Brief.
Take the material below and extract the lines from the one with "EXTREM spannende Runde" through the one with "Revell emailvärv Email", word for word, without pictures.

Given records.
Start of Block
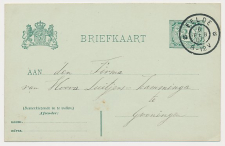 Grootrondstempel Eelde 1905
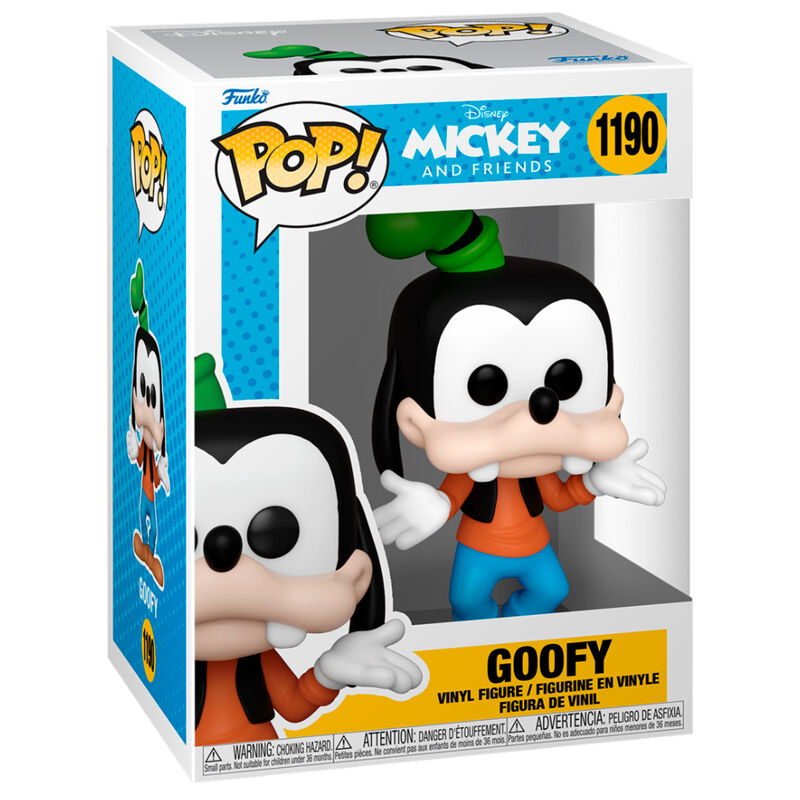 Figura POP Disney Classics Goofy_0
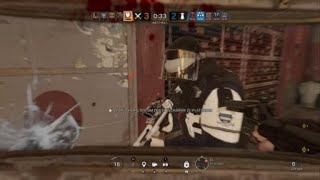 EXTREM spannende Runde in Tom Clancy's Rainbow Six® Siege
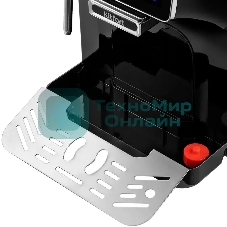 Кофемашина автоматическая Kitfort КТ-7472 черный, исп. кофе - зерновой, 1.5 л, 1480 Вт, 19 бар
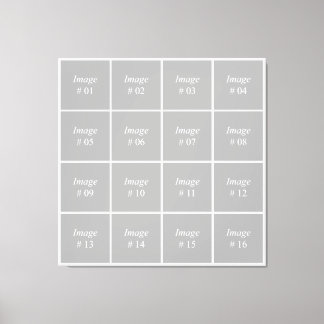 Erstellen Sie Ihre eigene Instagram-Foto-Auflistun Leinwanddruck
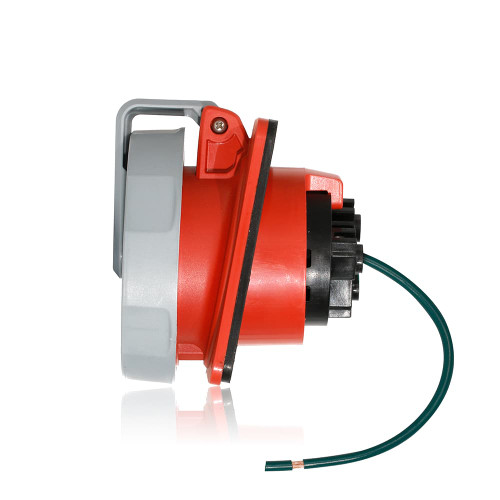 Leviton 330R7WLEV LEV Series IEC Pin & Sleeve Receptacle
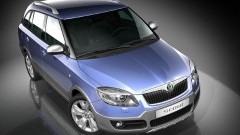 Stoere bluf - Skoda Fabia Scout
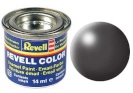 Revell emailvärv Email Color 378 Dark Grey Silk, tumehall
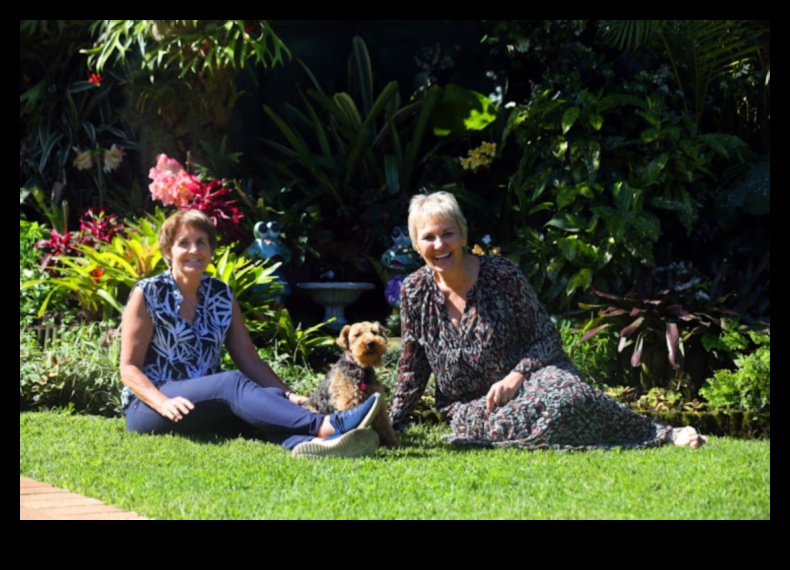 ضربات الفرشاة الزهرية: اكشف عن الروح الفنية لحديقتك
End of Block
Exercise answer.
 EXTREM spannende Runde in Tom Clancy's Rainbow Six® Siege
 Кофемашина автоматическая Kitfort КТ-7472 черный, исп. кофе - зерновой, 1.5 л, 1480 Вт, 19 бар
 Erstellen Sie Ihre eigene Instagram-Foto-Auflistun Leinwanddruck
 Leviton 330R7WLEV LEV Series IEC Pin & Sleeve Receptacle
 Stoere bluf - Skoda Fabia Scout
 Revell emailvärv Email Color 378 Dark Grey Silk, tumehall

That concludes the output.